START Data

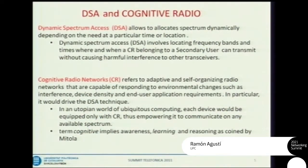Dynamic spectrum access simply allocates spectrum dynamically to a radio ring. By doing that, opportunistic networks could be built, provided that the spectrum used from white spaces is used properly — without damaging the primary users. That is the challenge.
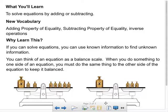I'm going to read this to you. This is what you'll learn: to solve equations by adding or subtracting. New vocabulary: addition property of equality, subtraction property of equality, inverse operations. That's what we were talking about earlier. So now I want you guys to start using, instead of saying 'opposite,' we're going to say 'inverse operations.'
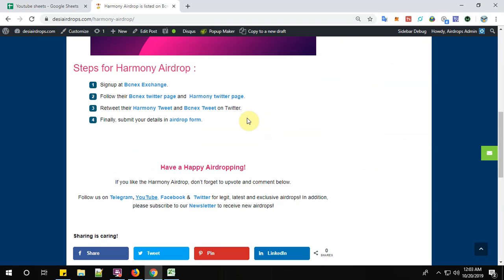So there are 4 simple steps to complete the registration process for Harmony Airdrop. Let's start with step number 1. Sign up at BCNEX Exchange. Click here to sign up.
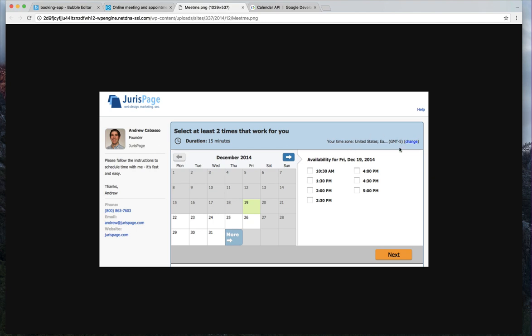Everything's taken care of as far as time zone, all that good stuff. I hit next, and then I set up a call with them or a meeting. So on the front end, it's relatively simple.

END Data

Copy every line of the data exactly as written, excluding the pictures.

Response.
Dynamic spectrum access simply allocates spectrum dynamically to a radio ring. By doing that, opportunistic networks could be built, provided that the spectrum used from white spaces is used properly — without damaging the primary users. That is the challenge.
I'm going to read this to you. This is what you'll learn: to solve equations by adding or subtracting. New vocabulary: addition property of equality, subtraction property of equality, inverse operations. That's what we were talking about earlier. So now I want you guys to start using, instead of saying 'opposite,' we're going to say 'inverse operations.'
So there are 4 simple steps to complete the registration process for Harmony Airdrop. Let's start with step number 1. Sign up at BCNEX Exchange. Click here to sign up.
Everything's taken care of as far as time zone, all that good stuff. I hit next, and then I set up a call with them or a meeting. So on the front end, it's relatively simple.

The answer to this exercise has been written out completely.